Organizations: ‡Department of Chemical and Biomolecular Engineering, The University of Melbourne, Parkville, Victoria 3010, Australia, CSIRO, Molecular and Health Technologies, Clayton, Victoria 3168, Australia, CSIRO, Molecular and Health Technologies, Parkville, Victoria 3052, Australia, and Interdisciplinary Nanoscience Center, Aarhus University, Aarhus 8000, Denmark

Country: Australia

We report the synthesis of poly(methacrylic acid)-co-(oleyl methacrylate) with three different amounts of oleyl methacrylate and compare the ability of these polymers with that of poly(methacrylic acid)-co-(cholesteryl methacrylate) (PMAc) to noncovalently anchor liposomes to polymer layers.
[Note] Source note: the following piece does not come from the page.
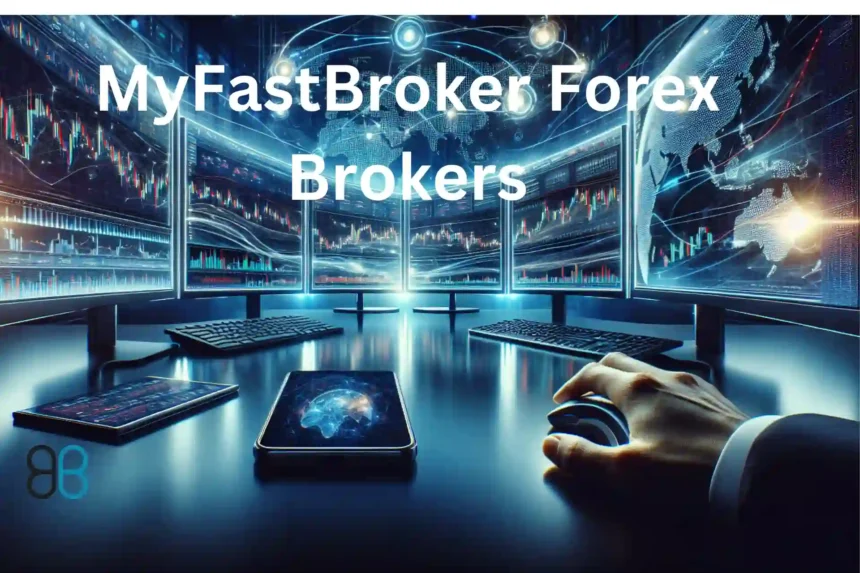 myfastbroker.com forex brokers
We subsequently assembled 1 μm diameter PMAc-based capsosomes, polymer hydrogel capsules that contain up to 2000 liposomal subcompartments, and investigate the potential of these carriers to deliver water-insoluble drugs by encapsulating two different antitumor compounds, thiocoraline or paclitaxel, into the liposomes. The viability of lung cancer cells is used to substantiate the cargo concentration-dependent activity of the capsosomes. These findings cover several crucial aspects for the application of capsosomes as potential drug delivery vehicles.